Much like Becky Bloomwood in the bestselling book, Confessions of a Shopaholic—about a young retail addict who dreads looking at her credit card bills because of her crippling debt trap—I tend to avoid reading bank statements and filling out forms despite not having a spending problem. I do eventually get down to it but I invariably put it off as long as possible.

I learnt my lesson the hard way when I discovered a few months too late that one of my accounts had been classified as dormant due to inactivity and needed some steps to be completed in order to revive it. I had of course missed this because I skipped the email alerting me to the issue.

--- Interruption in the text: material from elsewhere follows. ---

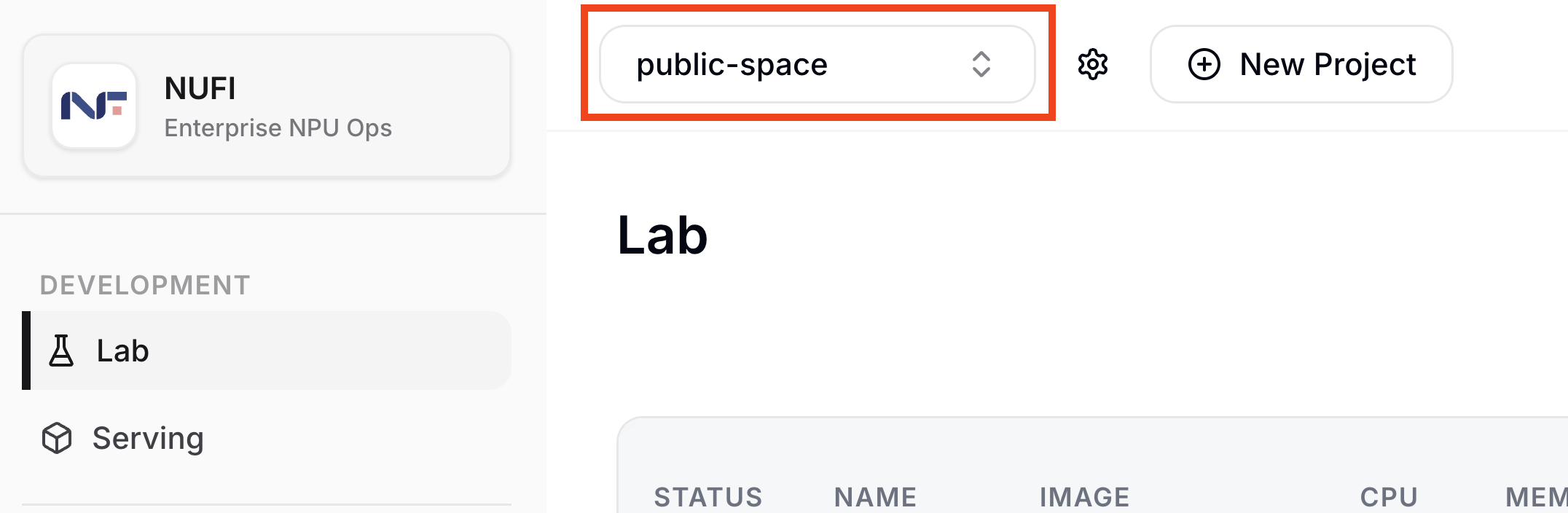Project Namespace 위치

Procrastinating on personal finance matters is not without consequence. While putting off things like filing tax returns may be okay as long as they get done by the deadline, routinely late credit card payments and delays in saving for retirement could spell disaster. If you're like me and keep putting off tackling the many little parts that make up managing personal finance, here is what helps me stay on track.

Getting to the root of it

I started by doing some serious introspection to understand the reason behind my unwillingness to do these seemingly simple tasks. I realized that for me it was simply a matter of perceiving the jobs to be boring and time consuming. The fallacy in this line o...

Read more!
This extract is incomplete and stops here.